*Image-caption web data*:
--------
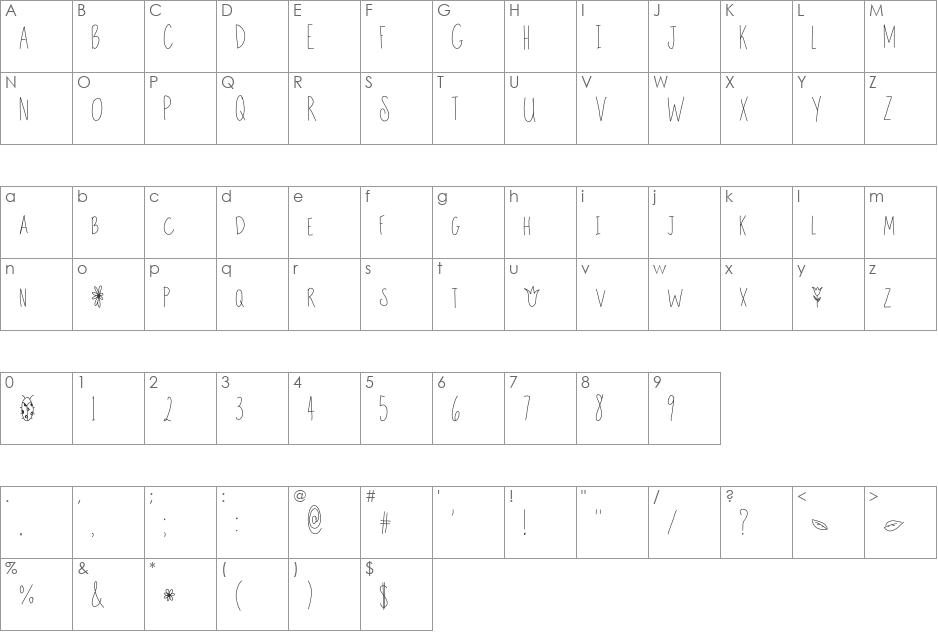Tall Tulips font character map preview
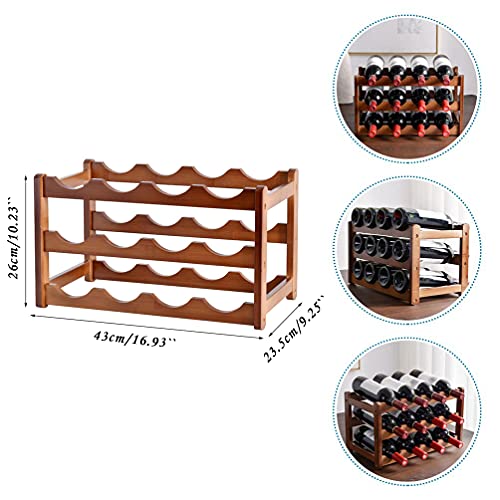 Bamboo Wine Rack, 3-Layer 12-Bottle Natural Bamboo Storage Rack Display Wine Bottle Rack, Easy to Assemble Storage Room Wine Rack, Saving Space for Wine Lovers.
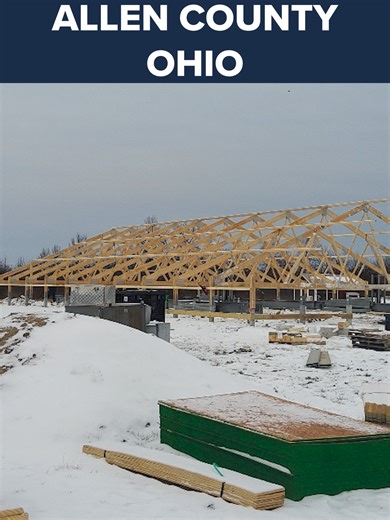 Our post-frame construction crews were taking care of business with this 54’ x 80’ x 16’ pole barn in Bluffton, Ohio! 😎 Custom features include a 12’ x 25’ wraparound porch, a 12’ x 56’ lean-to, a 20’ x 48’ enclosed lean-to with an 8’ porch, mansard overhangs, and multiple overhead door frame-outs. 🛠️ . . . #fbibuildings #constructionsite #ohio #polebarn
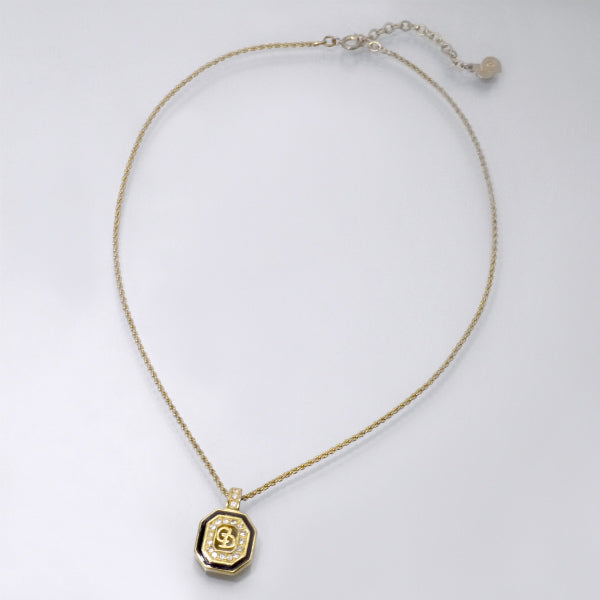 C.Dior オクタゴン型ネックレス（ジルコニア×ゴールド×ブラック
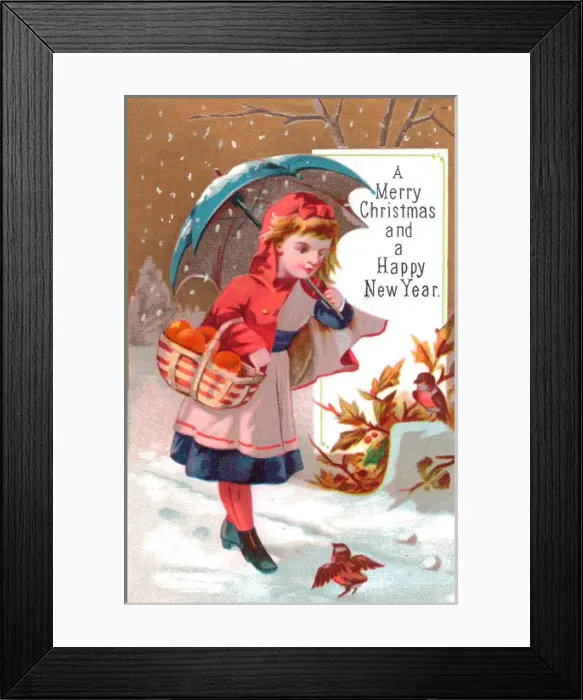 Framed Print : Little girl with robins on a Christmas card Framed Print : Little girl with robins on a Christmas card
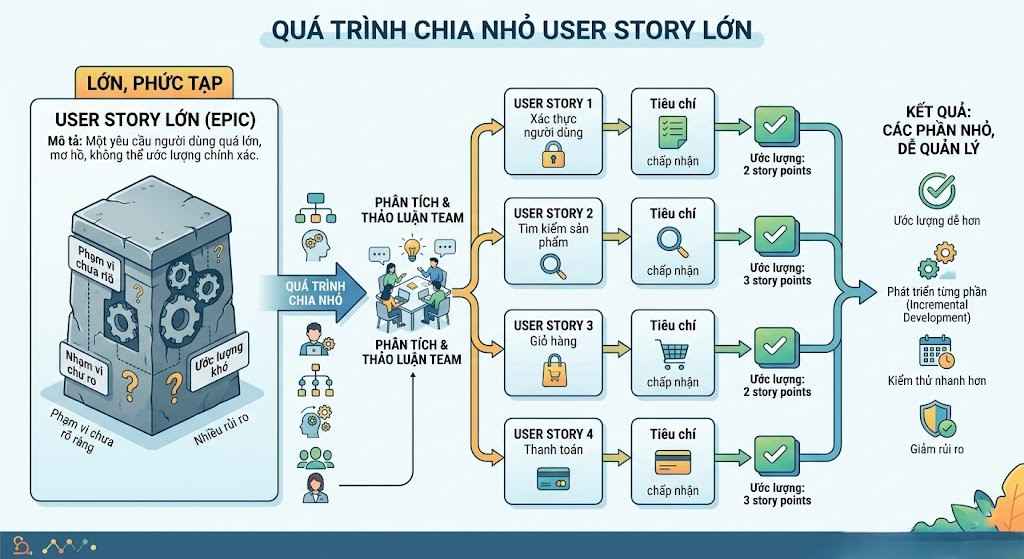 Story Splitting: Minh họa quá trình chia nhỏ một User Story lớn thành các phần nhỏ, dễ quản lý hơn.
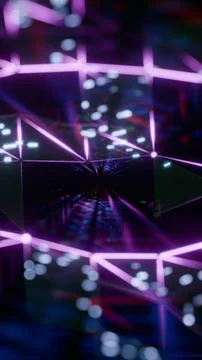 Neon Matrix: A Digital Odyssey into the Luminous Virtual Abyss. Stock Illustration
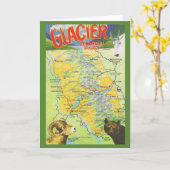 Glacier National Park Vintage Kaart (Gele Bloem)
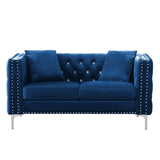 Wide Sofa With Jeweled Buttons Square Arm, 2 Pillows - Furniture Home Direct
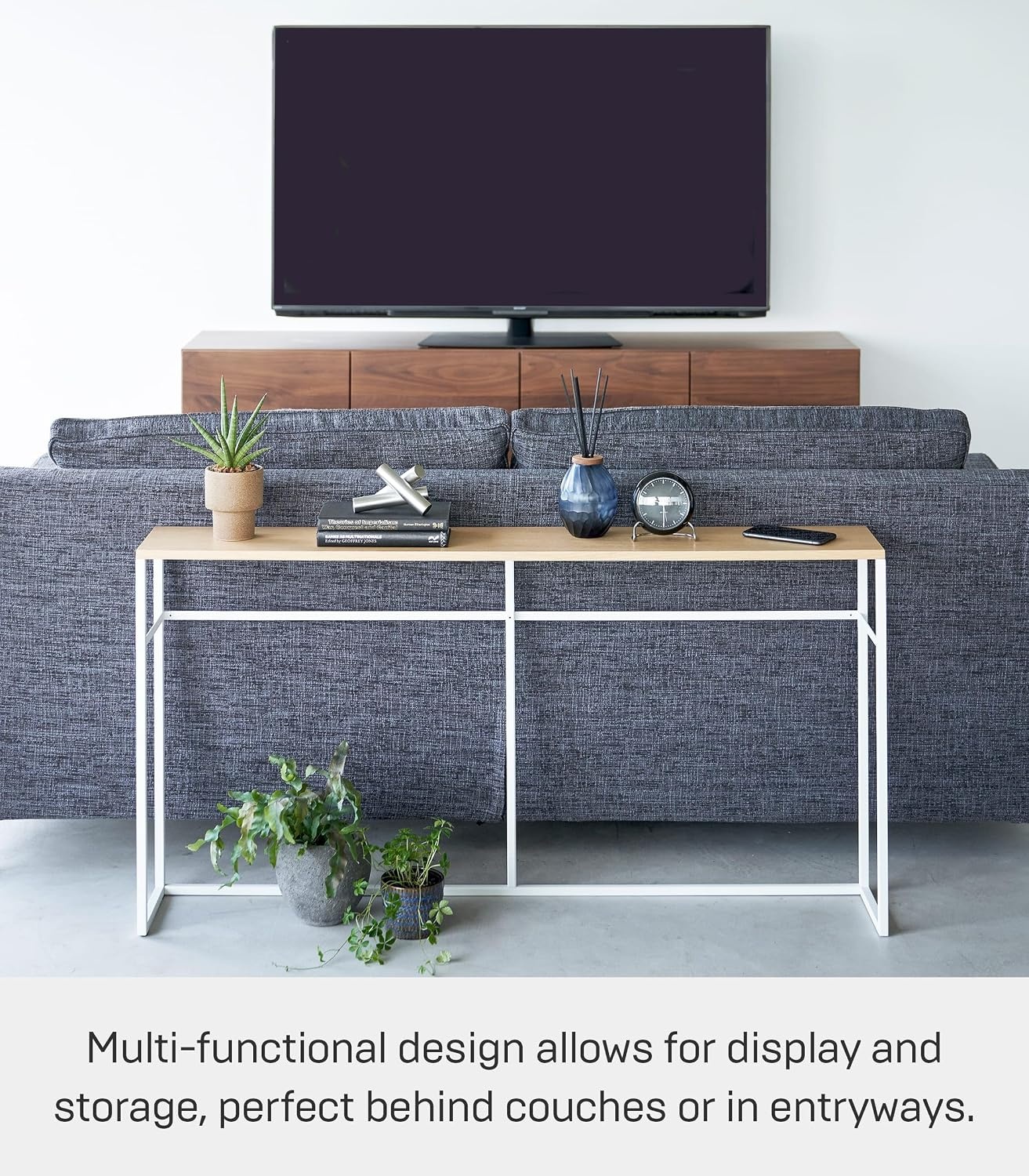image:imageYAMAZAKI Home Tower Long Console Table for Entryway Or Hallways Narrow Behnd Sofa Table with Wooden TopWhite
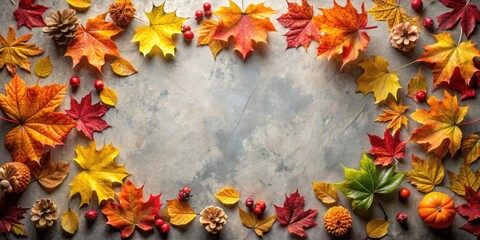 Poster - Autumnal Frame of Colorful Leaves, Cones, and Berries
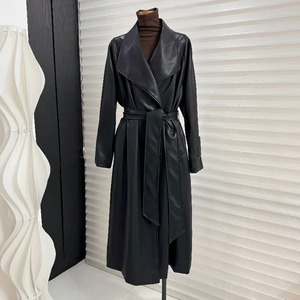 <b>Women</b> Luxury Sheepskin Long Coat Wholesale Winter Cowhide Long Coats New Stylish Genuine Leather <b>Jackets</b> For <b>Women's</b> - Product Image 3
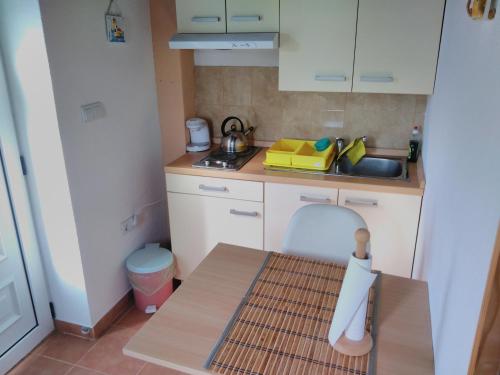 普洛切Apartments Bogunovic的一个带水槽和桌子的小厨房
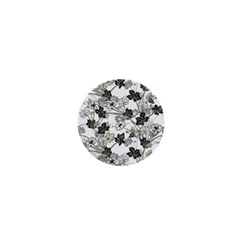 Black And White Floral Pattern Background 1  Mini Magnets by Sudhe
--------
Output every record above exactly, leaving out the pictures.

*Answer to this problem*:
Tall Tulips font character map preview
 Bamboo Wine Rack, 3-Layer 12-Bottle Natural Bamboo Storage Rack Display Wine Bottle Rack, Easy to Assemble Storage Room Wine Rack, Saving Space for Wine Lovers.
 Our post-frame construction crews were taking care of business with this 54’ x 80’ x 16’ pole barn in Bluffton, Ohio! 😎 Custom features include a 12’ x 25’ wraparound porch, a 12’ x 56’ lean-to, a 20’ x 48’ enclosed lean-to with an 8’ porch, mansard overhangs, and multiple overhead door frame-outs. 🛠️ . . . #fbibuildings #constructionsite #ohio #polebarn
 C.Dior オクタゴン型ネックレス（ジルコニア×ゴールド×ブラック
 Framed Print : Little girl with robins on a Christmas card Framed Print : Little girl with robins on a Christmas card
 Story Splitting: Minh họa quá trình chia nhỏ một User Story lớn thành các phần nhỏ, dễ quản lý hơn.
 Neon Matrix: A Digital Odyssey into the Luminous Virtual Abyss. Stock Illustration
 Glacier National Park Vintage Kaart (Gele Bloem)
 Wide Sofa With Jeweled Buttons Square Arm, 2 Pillows - Furniture Home Direct
image:imageYAMAZAKI Home Tower Long Console Table for Entryway Or Hallways Narrow Behnd Sofa Table with Wooden TopWhite
 Poster - Autumnal Frame of Colorful Leaves, Cones, and Berries
 <b>Women</b> Luxury Sheepskin Long Coat Wholesale Winter Cowhide Long Coats New Stylish Genuine Leather <b>Jackets</b> For <b>Women's</b> - Product Image 3
 普洛切Apartments Bogunovic的一个带水槽和桌子的小厨房
 Black And White Floral Pattern Background 1  Mini Magnets by Sudhe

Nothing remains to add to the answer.